Types of OTI License
All NVOCC and freight forwarders are required to apply for an OTI license with the FMC in the United States. There are 3 types of license that one can apply depending on their requirements:
- OTI-NVOCC License
This is the most popular license. It authorizes the company to a long list of things. Such as issue its bill of lading, set their prices for the shipments. And sign contracts with the ocean carriers for purchasing the services.
- OTI-OFF License
With an OTI Ocean Freight Forwarder (OFF) License, the company cannot perform the activities listed under the OTI-NVOCC license. However, it can collect a commission from carriers for documentation and shipments arranged by them.
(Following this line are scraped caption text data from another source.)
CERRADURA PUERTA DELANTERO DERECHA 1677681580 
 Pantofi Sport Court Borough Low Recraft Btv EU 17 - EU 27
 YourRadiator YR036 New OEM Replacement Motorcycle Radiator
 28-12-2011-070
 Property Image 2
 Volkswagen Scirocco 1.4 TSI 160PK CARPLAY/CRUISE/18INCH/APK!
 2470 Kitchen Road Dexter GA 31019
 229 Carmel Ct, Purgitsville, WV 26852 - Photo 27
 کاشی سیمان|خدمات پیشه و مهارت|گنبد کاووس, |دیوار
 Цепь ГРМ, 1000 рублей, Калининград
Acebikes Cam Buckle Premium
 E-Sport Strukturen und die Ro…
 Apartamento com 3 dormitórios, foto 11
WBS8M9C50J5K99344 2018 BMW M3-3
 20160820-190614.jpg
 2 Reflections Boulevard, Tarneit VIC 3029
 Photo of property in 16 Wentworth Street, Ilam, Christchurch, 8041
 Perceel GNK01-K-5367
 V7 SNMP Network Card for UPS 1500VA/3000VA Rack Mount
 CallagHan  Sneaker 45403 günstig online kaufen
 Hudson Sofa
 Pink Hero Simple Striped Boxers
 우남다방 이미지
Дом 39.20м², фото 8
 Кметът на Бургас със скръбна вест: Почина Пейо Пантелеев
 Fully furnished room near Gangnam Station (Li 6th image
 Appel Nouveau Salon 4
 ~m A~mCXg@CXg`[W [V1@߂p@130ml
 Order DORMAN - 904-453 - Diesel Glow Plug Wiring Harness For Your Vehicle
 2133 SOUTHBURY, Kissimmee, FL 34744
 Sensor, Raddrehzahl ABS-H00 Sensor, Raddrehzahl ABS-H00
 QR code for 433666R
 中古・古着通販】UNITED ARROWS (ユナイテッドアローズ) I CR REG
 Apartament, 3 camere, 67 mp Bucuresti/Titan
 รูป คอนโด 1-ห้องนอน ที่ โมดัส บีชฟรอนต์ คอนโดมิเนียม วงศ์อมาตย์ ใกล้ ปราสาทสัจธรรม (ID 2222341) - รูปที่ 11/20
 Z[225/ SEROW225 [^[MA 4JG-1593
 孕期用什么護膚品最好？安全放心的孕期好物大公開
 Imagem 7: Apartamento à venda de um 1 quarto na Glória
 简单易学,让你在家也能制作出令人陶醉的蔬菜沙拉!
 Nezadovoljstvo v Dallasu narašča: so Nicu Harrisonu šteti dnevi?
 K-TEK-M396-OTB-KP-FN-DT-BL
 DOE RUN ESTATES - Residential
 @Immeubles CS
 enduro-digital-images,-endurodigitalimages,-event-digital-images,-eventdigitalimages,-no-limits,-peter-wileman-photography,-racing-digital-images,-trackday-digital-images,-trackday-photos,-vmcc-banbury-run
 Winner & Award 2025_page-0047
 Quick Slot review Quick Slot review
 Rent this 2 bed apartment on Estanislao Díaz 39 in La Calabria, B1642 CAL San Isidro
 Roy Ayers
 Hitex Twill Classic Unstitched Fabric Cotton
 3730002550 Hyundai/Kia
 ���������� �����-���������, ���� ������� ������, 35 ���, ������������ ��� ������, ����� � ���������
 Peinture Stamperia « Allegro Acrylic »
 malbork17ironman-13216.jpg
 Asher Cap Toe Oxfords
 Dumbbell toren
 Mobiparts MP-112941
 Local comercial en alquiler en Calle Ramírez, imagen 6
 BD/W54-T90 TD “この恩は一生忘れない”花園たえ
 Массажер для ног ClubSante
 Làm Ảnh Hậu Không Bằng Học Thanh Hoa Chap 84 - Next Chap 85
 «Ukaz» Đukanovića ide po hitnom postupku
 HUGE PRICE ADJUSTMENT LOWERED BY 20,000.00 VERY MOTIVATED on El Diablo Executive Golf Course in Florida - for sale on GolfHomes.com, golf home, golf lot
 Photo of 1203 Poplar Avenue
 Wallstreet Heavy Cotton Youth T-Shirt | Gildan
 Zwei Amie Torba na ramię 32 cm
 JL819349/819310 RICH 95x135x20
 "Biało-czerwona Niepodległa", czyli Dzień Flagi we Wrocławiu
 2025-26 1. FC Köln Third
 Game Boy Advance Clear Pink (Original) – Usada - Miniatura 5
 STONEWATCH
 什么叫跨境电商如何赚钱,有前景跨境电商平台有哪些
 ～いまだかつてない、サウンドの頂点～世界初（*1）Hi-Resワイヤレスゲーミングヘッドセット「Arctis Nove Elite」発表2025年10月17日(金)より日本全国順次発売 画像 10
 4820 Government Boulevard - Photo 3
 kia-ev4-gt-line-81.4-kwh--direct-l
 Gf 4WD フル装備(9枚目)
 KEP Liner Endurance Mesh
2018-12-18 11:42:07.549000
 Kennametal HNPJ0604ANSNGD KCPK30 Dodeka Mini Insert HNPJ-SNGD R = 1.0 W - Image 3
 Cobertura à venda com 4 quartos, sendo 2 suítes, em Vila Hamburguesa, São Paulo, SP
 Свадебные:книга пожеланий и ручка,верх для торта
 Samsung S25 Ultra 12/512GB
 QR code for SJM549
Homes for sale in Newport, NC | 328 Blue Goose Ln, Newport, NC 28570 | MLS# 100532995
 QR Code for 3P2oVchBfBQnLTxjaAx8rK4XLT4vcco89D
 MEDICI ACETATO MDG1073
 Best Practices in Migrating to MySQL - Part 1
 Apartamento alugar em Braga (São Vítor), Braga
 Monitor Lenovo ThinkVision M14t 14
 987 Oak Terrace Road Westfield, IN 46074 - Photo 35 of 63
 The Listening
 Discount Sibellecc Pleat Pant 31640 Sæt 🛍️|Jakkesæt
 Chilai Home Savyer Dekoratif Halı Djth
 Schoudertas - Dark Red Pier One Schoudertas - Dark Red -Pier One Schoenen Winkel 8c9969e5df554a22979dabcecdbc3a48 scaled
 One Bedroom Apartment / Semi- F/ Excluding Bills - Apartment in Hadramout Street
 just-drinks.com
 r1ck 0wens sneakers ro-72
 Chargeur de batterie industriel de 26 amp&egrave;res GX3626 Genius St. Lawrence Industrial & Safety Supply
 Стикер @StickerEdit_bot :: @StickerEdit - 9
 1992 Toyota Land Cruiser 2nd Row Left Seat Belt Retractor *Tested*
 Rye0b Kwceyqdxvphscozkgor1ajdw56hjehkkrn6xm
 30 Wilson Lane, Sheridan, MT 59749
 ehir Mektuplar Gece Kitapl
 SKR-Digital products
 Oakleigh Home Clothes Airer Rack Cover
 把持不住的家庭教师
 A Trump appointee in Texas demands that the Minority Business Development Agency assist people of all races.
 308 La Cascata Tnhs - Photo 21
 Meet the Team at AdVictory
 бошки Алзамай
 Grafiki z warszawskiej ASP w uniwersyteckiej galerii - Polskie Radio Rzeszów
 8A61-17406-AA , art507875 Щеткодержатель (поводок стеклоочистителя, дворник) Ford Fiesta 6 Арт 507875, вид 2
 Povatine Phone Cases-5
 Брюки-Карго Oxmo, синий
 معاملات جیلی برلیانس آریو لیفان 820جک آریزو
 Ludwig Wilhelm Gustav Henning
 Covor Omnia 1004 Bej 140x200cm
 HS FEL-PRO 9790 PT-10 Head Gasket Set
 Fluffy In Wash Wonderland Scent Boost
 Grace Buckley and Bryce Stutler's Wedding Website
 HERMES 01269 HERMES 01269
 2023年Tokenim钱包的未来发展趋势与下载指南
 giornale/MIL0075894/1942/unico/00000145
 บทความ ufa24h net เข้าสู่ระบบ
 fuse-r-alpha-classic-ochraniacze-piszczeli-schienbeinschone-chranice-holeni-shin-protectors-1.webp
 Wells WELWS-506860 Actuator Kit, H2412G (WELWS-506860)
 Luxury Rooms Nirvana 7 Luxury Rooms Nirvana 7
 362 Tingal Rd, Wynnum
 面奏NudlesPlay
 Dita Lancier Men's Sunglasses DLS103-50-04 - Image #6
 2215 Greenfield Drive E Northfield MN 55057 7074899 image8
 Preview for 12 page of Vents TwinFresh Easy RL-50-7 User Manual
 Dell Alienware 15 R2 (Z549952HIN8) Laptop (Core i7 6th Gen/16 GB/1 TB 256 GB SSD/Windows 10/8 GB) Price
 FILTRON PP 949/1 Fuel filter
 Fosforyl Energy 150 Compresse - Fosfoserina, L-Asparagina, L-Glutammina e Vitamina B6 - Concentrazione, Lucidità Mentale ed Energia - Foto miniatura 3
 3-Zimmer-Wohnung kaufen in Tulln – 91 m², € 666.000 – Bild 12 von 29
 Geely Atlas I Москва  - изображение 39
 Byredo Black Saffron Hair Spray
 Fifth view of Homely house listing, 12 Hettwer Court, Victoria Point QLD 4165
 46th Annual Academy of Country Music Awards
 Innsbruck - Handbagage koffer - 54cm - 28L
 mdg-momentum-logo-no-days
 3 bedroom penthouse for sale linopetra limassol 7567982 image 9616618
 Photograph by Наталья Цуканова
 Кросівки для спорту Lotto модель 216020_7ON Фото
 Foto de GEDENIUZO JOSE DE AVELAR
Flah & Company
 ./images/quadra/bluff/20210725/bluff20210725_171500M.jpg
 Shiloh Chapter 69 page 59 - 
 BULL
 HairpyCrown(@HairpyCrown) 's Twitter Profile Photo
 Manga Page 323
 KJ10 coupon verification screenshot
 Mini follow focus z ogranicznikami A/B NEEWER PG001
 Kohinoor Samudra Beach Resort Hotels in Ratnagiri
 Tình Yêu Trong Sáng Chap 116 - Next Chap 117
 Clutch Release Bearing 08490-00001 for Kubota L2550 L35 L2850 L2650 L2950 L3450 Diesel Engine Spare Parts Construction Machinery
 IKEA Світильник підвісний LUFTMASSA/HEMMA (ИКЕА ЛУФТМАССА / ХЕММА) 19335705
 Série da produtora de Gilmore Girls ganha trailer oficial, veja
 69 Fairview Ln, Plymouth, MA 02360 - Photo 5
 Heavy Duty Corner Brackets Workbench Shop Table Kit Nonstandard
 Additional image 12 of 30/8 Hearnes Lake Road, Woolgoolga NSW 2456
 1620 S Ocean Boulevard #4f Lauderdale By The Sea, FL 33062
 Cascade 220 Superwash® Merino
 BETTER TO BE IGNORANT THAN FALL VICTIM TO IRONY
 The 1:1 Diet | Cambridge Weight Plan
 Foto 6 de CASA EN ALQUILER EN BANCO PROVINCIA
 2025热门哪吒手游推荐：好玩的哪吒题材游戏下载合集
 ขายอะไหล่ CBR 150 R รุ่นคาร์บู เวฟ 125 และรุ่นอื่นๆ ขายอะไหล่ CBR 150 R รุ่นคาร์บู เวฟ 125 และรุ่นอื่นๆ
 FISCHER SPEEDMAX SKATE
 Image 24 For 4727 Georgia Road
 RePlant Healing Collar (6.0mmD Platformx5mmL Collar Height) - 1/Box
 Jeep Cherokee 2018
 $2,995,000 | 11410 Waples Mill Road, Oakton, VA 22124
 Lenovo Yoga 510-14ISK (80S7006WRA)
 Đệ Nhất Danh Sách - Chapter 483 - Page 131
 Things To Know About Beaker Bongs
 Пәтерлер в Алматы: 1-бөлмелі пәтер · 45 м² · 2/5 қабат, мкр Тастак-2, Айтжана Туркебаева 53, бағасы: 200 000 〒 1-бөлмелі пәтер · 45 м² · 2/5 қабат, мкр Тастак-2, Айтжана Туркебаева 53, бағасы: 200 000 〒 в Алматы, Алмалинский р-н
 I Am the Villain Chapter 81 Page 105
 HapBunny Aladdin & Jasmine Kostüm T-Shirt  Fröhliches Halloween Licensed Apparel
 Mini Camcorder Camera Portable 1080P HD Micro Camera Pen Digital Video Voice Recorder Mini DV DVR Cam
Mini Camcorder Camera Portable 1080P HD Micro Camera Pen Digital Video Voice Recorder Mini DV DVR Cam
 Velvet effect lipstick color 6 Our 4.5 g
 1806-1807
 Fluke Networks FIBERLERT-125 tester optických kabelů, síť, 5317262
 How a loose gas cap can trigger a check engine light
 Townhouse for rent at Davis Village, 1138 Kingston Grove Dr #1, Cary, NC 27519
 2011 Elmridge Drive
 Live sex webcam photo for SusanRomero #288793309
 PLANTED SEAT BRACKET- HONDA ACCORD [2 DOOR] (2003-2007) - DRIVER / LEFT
- OTI-NVOCC & Forwarder License
With this, the company can operate either as an NVOCC or a forwarder. But, the FMC does not allow the company to act as a forwarder and an NVOCC for the same shipment.
How to Apply for an FMC OTI License?
Step 1: Determine the type of license the company needs depending on your requirements.
Step 2: Establish or confirm your corporate identity (sole proprietor, LLC, or Corporation).
Note – If you are a non-US applicant, you must first establish a presence in the US to be eligible for applying for an OTI License.
Step 3: Appoint a qualifying individual (QI) with at least 3 years of verifiable OTI experience. The experience must be gained by working for an FMC-licensed company (NVOCC, carrier, or forwarder) based in the US. And you must have 3 references to verify credibility.
Step 4: Fill out the FMC-18 form. Submit and pay the fee: $250 (for electronic application) and $1962 (for paper application).
Step 5: Submit proof of financial responsibility. The FMC will not issue a license without a valid surety bond. The fees vary for different NVOCCs:
For OTI-NVOCC License = Fees + $10,000 per branch office
- US-based NVOCCs Fee: $75000
- Non-US-based NVOCCs Fee: $75000
- Non-US-based NVOCCs without an OTI Fee: $150,000
Step 6: Upon receiving the license, register and publish your NVOCC Charges.
Important: The license needs to be renewed every 3 years.